Aramis Wong;Marketing Manager, IBM Cloud & IBM Services
executiveHello. Good morning, everyone. Thanks again for calling in for today's webinar. I'm Aramis from IBM Marketing. So I guess a lot of you might have some questions in mind. [Operator Instructions] So let me check out what questions we have in front of us now. So the first question is, does the solution monitor and detect issues in real-time, can you elaborate it? So maybe the question over to you, Matthias?
Matthias Funke; Executive Director, AIOps, Cloud, IBM Worldwide
executiveYes. Thank you. And can you hear me? Aramis? Okay. Good. Yes. So great question.
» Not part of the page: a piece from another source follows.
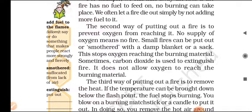The second way of putting out a fire is to prevent oxygen from reaching it. No supply of oxygen means no fire. Small fires can be put out or smothered with a damped blanket or a sack. This stops oxygen reaching the burning material.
The answer -- the short answer is yes. The longer answer is that, yes, this is a real-time analytic streaming solution or all the data points in the form of unstructured log entries or structured events or alerts that we ingest through a Kafka queue are, let's say, triaged, inferred in real-time. There's no data lag that we have to then land the data in and then apply machine learning models to that. It's all happening in real-time.
Aramis Wong;Marketing Manager, IBM Cloud & IBM Services
executiveOkay, that's clear. So the other question in front of me is, does the solution have the ability to analyze historical data? And how is it done?
Matthias Funke; Executive Director, AIOps, Cloud, IBM Worldwide
executiveYes. So it's -- I guess it's the flip side of the question that was just asked. So for the -- we see -- so we are not analyzing the historical data in the form of logs. We believe that, that data is collected and aggregated in a log management tool that you have already in place. The events would be aggregated and grouped also in different parts of your monitoring and management solution. This is really meant to focus on that real-time aspect. So think of Watson AIOps primarily as a machine learning and AI capability that, in real time, looks at the data and correlates it to the point where it decides, this is something that requires attention and then brings that into ChatOps. However, there is one element of historical analysis when you think about the ticketing information that you saw in the demo, right? So if -- once we identify the symptoms that could represent a certain incident at present time, while we can help you look into your ticketing system like a ServiceNow or a remedy or something else, and Watson will perform an intelligent search and will use NLP and NLU capabilities to intelligently extract from unstructured descriptions of historical tickets whether there is precedent. So if there are other tickets that share the same symptoms, we will bring them back to the SRE or the user and we will allow them to determine whether there was precedence and there was already action taken that they could just repeat or follow in the form of advice. So it helps them take the right decisions on how to resolve the problem.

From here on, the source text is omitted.